13 Oct 2010

Ed Miliband’s first PMQs as Labour leader

Ed Miliband makes a “good debut” in his first appearance at Prime Minister’s Questions as Labour Leader, writes Political Editor Gary Gibbon.

Mr Miliband attacked the Government over its plans to scrap child benefit for higher-rate taxpayers, saying thousands of middle-income families would be hit.

But the Prime Minister said it was not fair that low-income families in Mr Miliband’s Doncaster North constituency should have to contribute towards wealthier people’s child benefit.

And he questioned the opposition leader’s right to speak for the “squeezed middle”, saying previous Labour governments had hit these people with tax rises.

At last week’s Conservative conference, the Chancellor George Osborne announced that people earning about £44,000 a year would lose their child benefit from 2013.
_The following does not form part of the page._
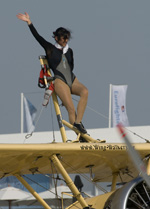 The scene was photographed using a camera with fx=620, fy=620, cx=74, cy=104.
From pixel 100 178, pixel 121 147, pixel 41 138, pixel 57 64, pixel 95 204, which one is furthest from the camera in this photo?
pixel 41 138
"A slightly vicar-ish quality"

Good debut by Ed Miliband, raising the tempo and volume more than I expected, writes Political Editor Gary Gibbon.

A slightly vicar-ish quality when he started, piano, then he got more strident raising the volume as he went on.

David Cameron pressed the "he's the trade unions' man" button and said he's "not red, it's Brown."

When Ed Miliband said on Child Benefit "I'm not defending the rich" (he went on to say I'm defending deputy head teachers and police inspectors) he was saying something it would've been hard for Gordon Brown to say.

Ed Miliband got Nick Clegg laughing along with others at his joke about how the PM might've preferred the threatened BBC strike to go ahead during his Conference to obscure the Child Benefit announcement.

David Cameron confirmed in a later answer that all the criteria governing the Winter Fuel Allowance will survive the Spending Review.


Mr Miliband asked: “How many families where one parent stays at home will be affected by the changes that you have proposed to child benefit?”

Mr Cameron said 15 per cent of working people were higher-rate taxpayers, and “the decision we have taken is to say that child benefit shouldn’t be received by families where there is a higher rate taxpayer”.

He added: “This is a difficult choice because as we deal with the deficit, we do have to ask better-off people to bear their share of the burden.

“The fact is that today we spend £1bn giving money through child benefit to relatively better-off homes.”

Mr Miliband said: “By my reckoning there are hundreds of thousands of families where one parent stays at home …. and the question they are asking is this: why should a family on £45,000, where one person stays at home, lose their child benefit, £1,000, £2,000, £3,000 a year, but a family on £80,000, where both partners in a couple are working, should keep their child benefit?”

A family on £33,000 after tax with three children would lose £2,500 as a result of the changes, he said, the equivalent of 6p on the basic rate of income tax.

Mr Miliband added that the Prime Minister had said on the election campaign trail that he would not change or means test child benefit.

Mr Cameron was also asked what his plans were for the winter fuel allowance, which is paid to pensioners. He implied it would not be taken away from people.

“I made a very clear promise at the election and I stand by that.”